Namun, jika ngopi hanya untuk menghabiskan waktu, membicarakan orang lain, atau melupakan ibadah,
kita sedang menukar amanah Allah dengan kesia-siaan.


Sering terdengar kalimat seperti:

“Uang saya sendiri, terserah mau saya buat ngopi.
Kan halal, cuma ngobrol sama teman.”

Benar, halal. Tapi Islam mengajarkan bahwa semua yang kita miliki — termasuk waktu, tenaga, dan harta — adalah titipan Allah.
Kita bebas menggunakannya, tapi akan tetap dimintai pertanggungjawaban.

Ngopi bukan masalah, tapi ketika waktu, tenaga, dan harta bisa digunakan untuk sesuatu yang lebih bernilai,
apakah bijak jika kita terus menukar waktu berharga dengan kesenangan sesaat?


Renungan: Ulama Dulu Ngopi untuk Ibadah, Kita Ngopi untuk Apa?

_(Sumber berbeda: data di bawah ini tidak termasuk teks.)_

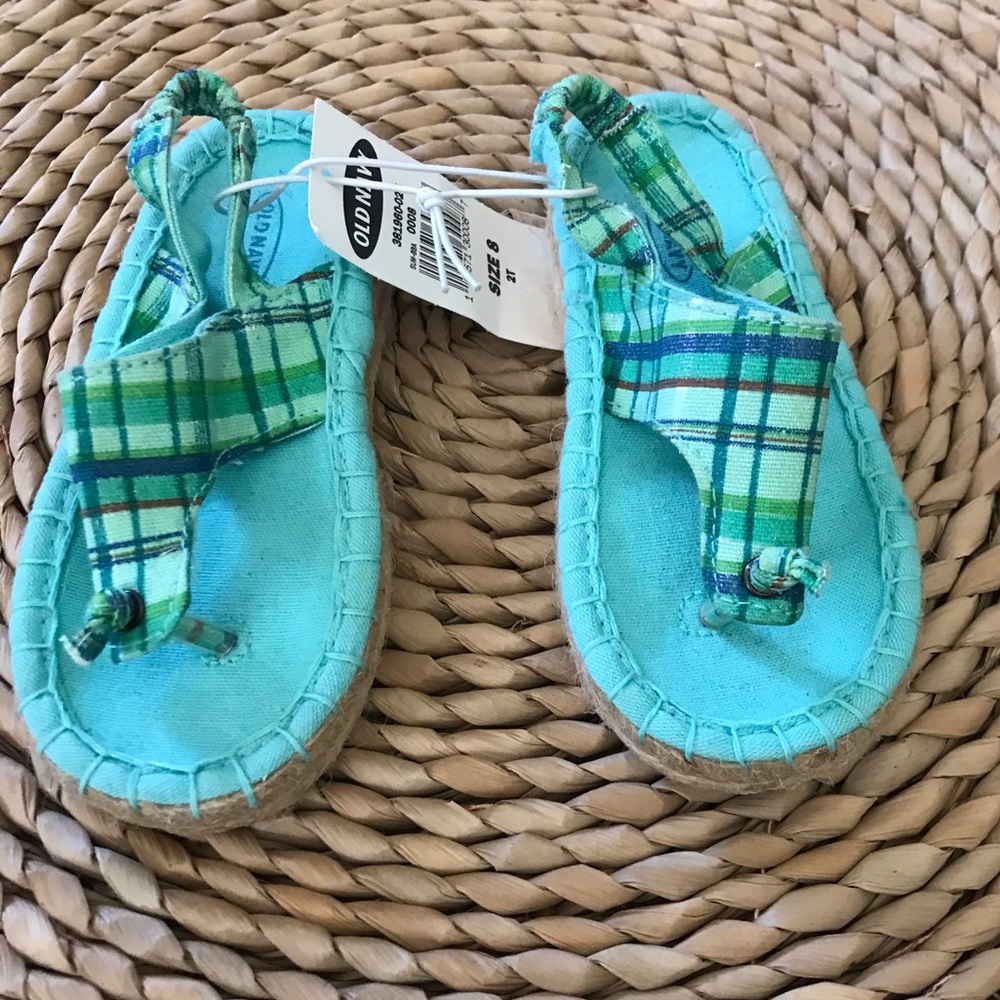 Old Navy kids espadrilles-2T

Ulama dan pelajar Islam dulu menjadikan kopi sebagai sarana menjaga semangat.
Mereka ngopi agar kuat beribadah dan menambah ilmu.
Kita hari ini — apakah ngopi kita masih punya arah yang sama?

Kopi halal, tapi waktu itu mahal.
Setiap tegukan seharusnya mengingatkan kita:
hidup ini singkat, dan setiap detik adalah peluang untuk menanam amal jariyah.

“Kopi bisa jadi ibadah,
tapi hanya jika ia membuatmu lebih dekat kepada Allah.”


Kopi bukan musuh.
Yang perlu diwaspadai adalah kelalaian di antara tegukannya.
Gunakan waktu untuk hal-hal yang mendekatkan kita pada Allah, memperbaiki diri, dan menebar manfaat bagi sesama.

Baca Juga  Tips Menggunakan Kartu Kredit untuk Mengoptimalkan Gaji

Karena sejatinya, bukan seberapa sering kita ngopi,
tapi seberapa berarti waktu yang kita habiskan.